The full set of lines below has to be duplicated exactly, with no picture kept.
──────── Data ────────
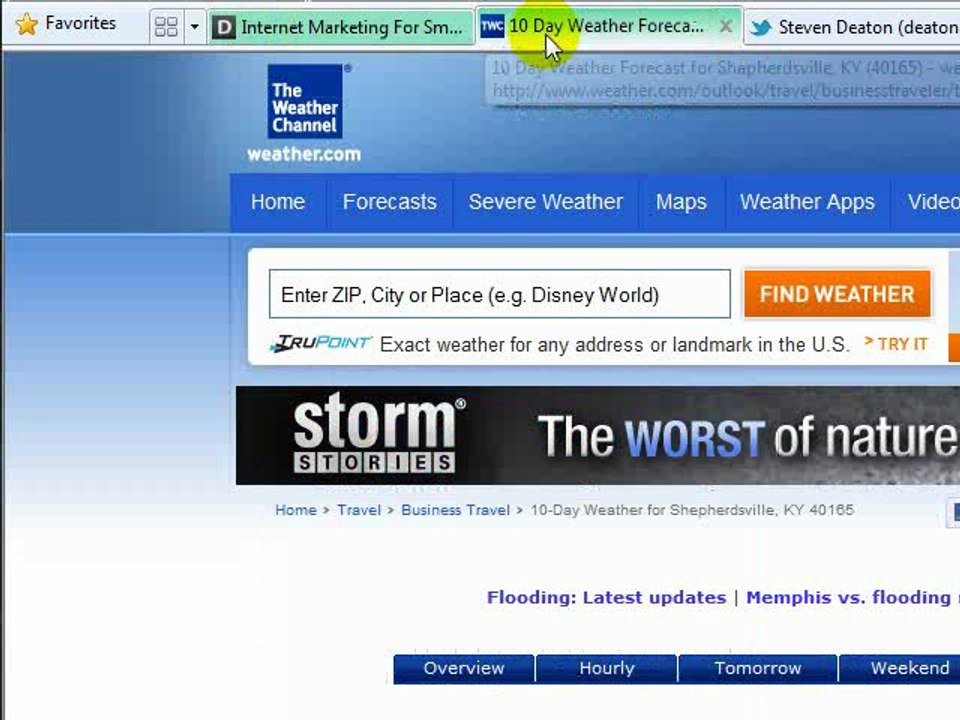 Online Advertising & Branding With A Favicon - Louisville KY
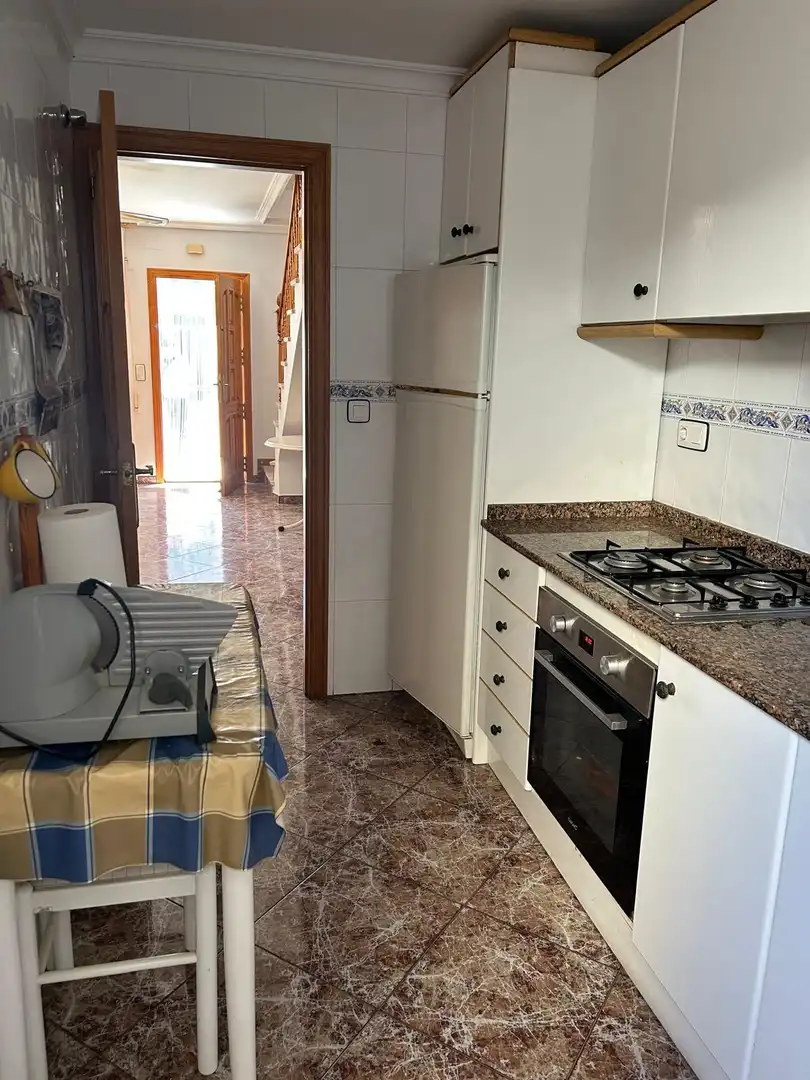 Cuina de Dúplex en venda en San Pedro del Pinatar amb Terrassa i Moblat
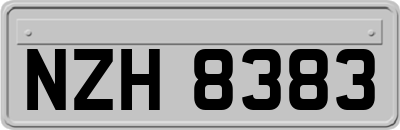 NZH8383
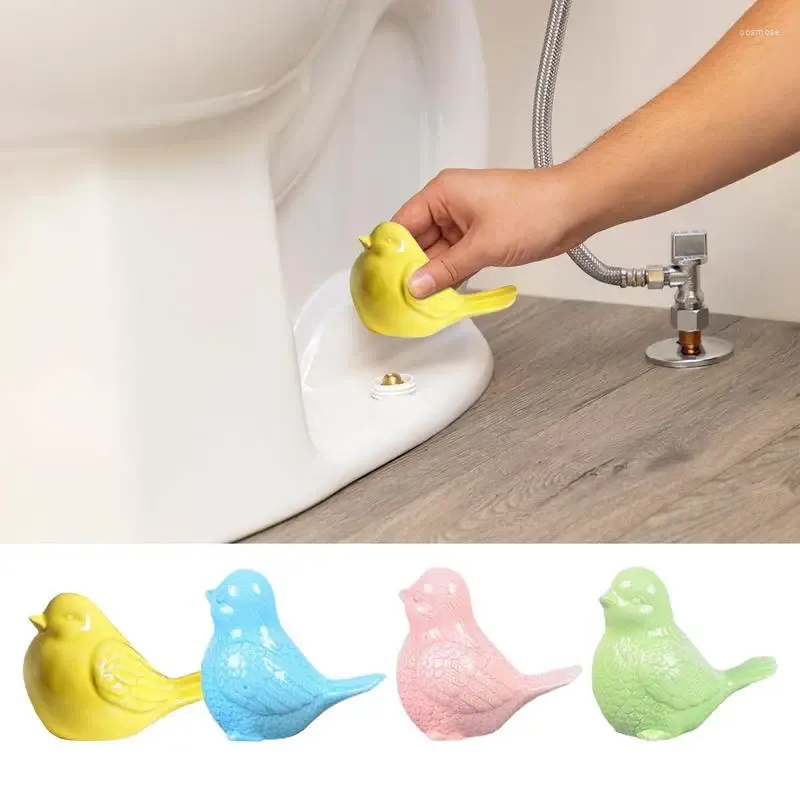 Toilet Seat Covers Birds Caps Bolt Screw Decorative Resin Bowl Covering Snap Cover Push Universal Toilets Installation Accessories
────────
[Result]:
 Online Advertising & Branding With A Favicon - Louisville KY
 Cuina de Dúplex en venda en San Pedro del Pinatar amb Terrassa i Moblat
 NZH8383
 Toilet Seat Covers Birds Caps Bolt Screw Decorative Resin Bowl Covering Snap Cover Push Universal Toilets Installation Accessories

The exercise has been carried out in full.